Scuzzy; dang criminals
Title: Re: Great Truths
Post by: Ace on May 10, 2007, 06:28 hrs
Ok. Right.  That's why my theory is the really great magician illusionists (Lance Burton, David Blaine) are evil.  Demons.  They are actually doing magic. 

You'd think the guy would've gone for fries and a shake, too.  That's pretty fast food, if you can just pull one out of a sign on the street.  I saw a sandwich in a wrapper on a parking lot this week, but that's not really the same thing, is it..

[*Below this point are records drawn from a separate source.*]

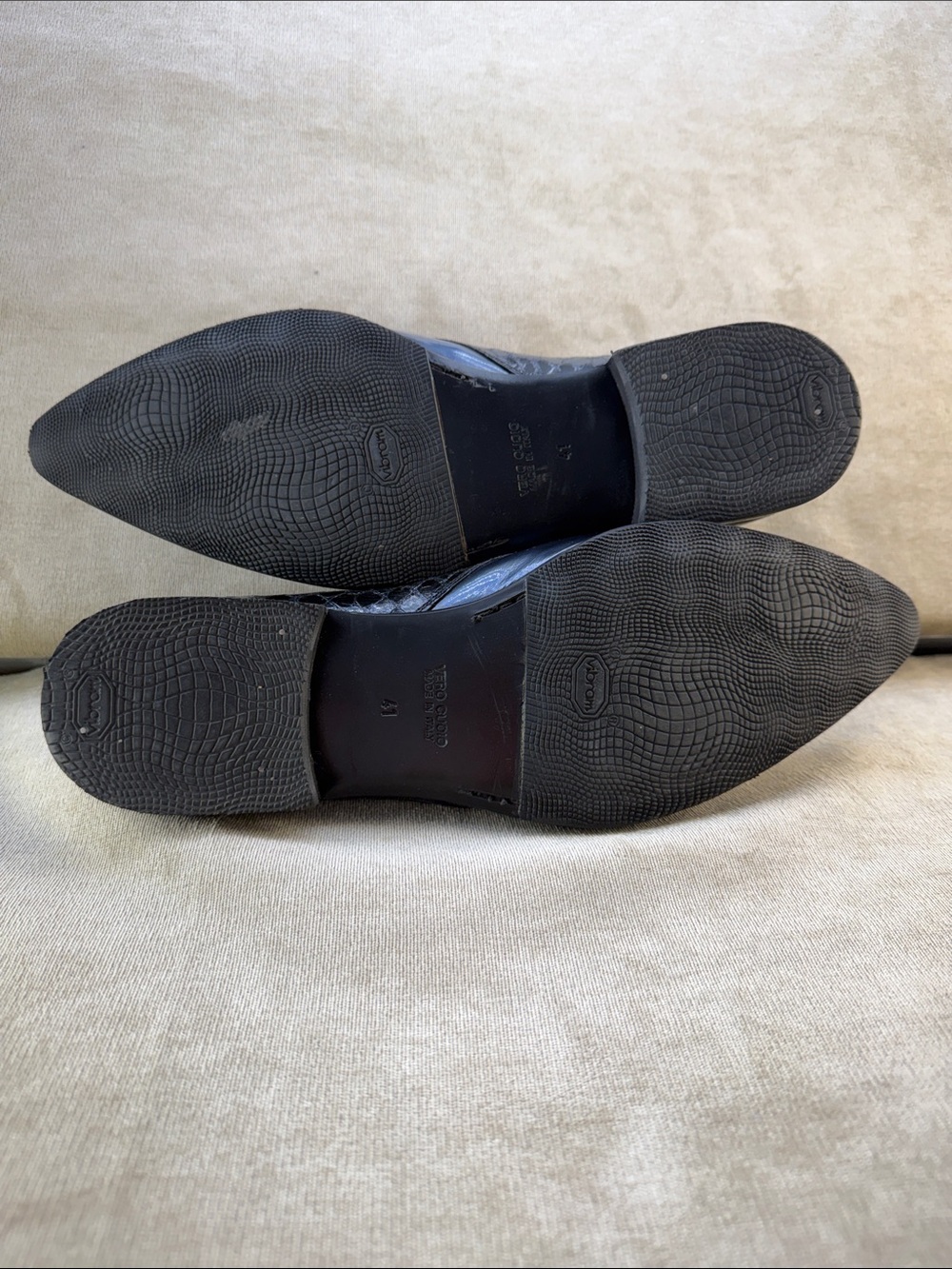 Men's Navy Gloss Leather Lace-Up Oxfords - Picture 7 of 8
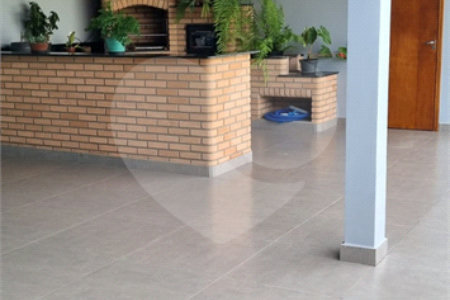 Casa à venda com 3 suítes no condomínio Residencial dos Lagos, Itupeva - SP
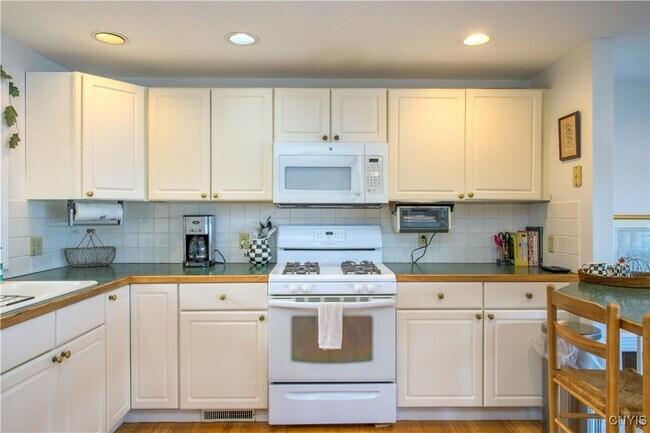 Foto del edificio - 1258 Greenfield Ln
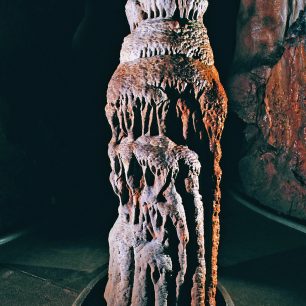 Krápník přímo na prohlídkové trase, Mladečské jeskyně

Ace; probably see some guy pull a dove sandwich, or dove bar, out of thin air.  Or a Welsh Rabbit.
Title: Re: Great Truths
Post by: scuzzy on May 11, 2007, 14:31 hrs
I pretty much figure that anyone who does anything that I don't understand is evil. Even after they show me how they did it, I continue to think they're evil. All of my math, chemistry and English teachers were very, very evil.

The makers of Great Stuff are also very evil.

Scuzzy; I would have run the Salem witch trials with fervor.
Title: Re: Great Truths
Post by: Ace on May 11, 2007, 14:59 hrs
You would have run the Salem Witch Trials with a fever, because you probably would've been standing in the fire pit...

I could just see you back then, with one of those big pilgrim hats with the belt buckle on it condemning some suspected witch and spraying her down with sticky expanding foam...  "If she floats, she's a witch!  If she sinks, she's innocent!  If she sticks to you, you're both going down..!"

You should write the company and demand a refund.  Ooh, or better yet, tell them you're going to sue them because they didn't make it clear that you shouldn't put your hands in it and should have worn gloves if you insisted on putting your hands in it, even though they said pretty clearly NOT to put your hands in it..   Sometimes that can be misunderstood, though.  Many's the time someone is crossing a street and the sign with the big open hand lights up, and people either think they're supposed to wave but keep on walking or maybe grab a can of Great Stuff and lather it all over their fists so that they can expand and look just like that big waving mitt.

Baseball players should just spray their catching hand with Great Stuff and forego the glove...  Big sticky expanding mitt. 

Ace; Just don't do your throwing hand, too.  Did you rub your head after your hand got sticky and say "Huh.. now what should I do?"
Title: Re: Great Truths
Post by: scuzzy on May 11, 2007, 15:23 hrs
Well phooey to you, Mr. Smarty Pants. It just so happens that I'm running a fever at this very moment. So, there.

I like your litmus test for witches and will look at modifying it for criminals. I look forward to spraying them down with pepper spray, then sealing it off with the sticky foam. Maybe there's a way of mixing the two products. I just need to find a spot on my duty belt for the can. I've already got the big belt buckle.

I recall a recent crime in South Africa in which thieves superglued a naked man (http://www.msnbc.msn.com/id/18470220/) to an exercise bike. At least he had a chance to get a good workout before help arrived.

Scuzzy; I was going to superglue myself to the treadmill, but thought better of it.
Title: Re: Great Truths
Post by: Ace on May 11, 2007, 16:18 hrs
Wasn't there an urban myth about superglueing toilet seats in the mall or stores and people couldn't get up...?  Shoot, my wife wouldn't believe me if I did yell that I was glued to the toilet.  She thinks I live in there anyway. 

You gluing your feet, or hands?  Glueing?  How the heck do you spell glueing? You know, I was just thinking that playing "Twister" with you would be a unique experience.  Or "patty cake." 

Ace; remind me if we meet not to shake hands.
Title: Re: Great Truths
Post by: scuzzy on May 11, 2007, 16:31 hrs
You must be referring to this: Colorado Man Sues Home Depot (http://www.canada.com/news/oddities/story.html?id=de2cd789-20c6-41ff-ba65-25470c6a609a)

And no, it wasn't me. But I sort of have an idea of how he felt. Well not really, but sort of. I can't imagine how much acetone it took to correct that problem. And what about the poor fools that got stuck doing that job?

Scuzzy; Hey Joe, looks like we're gonna need another stick of dynomite.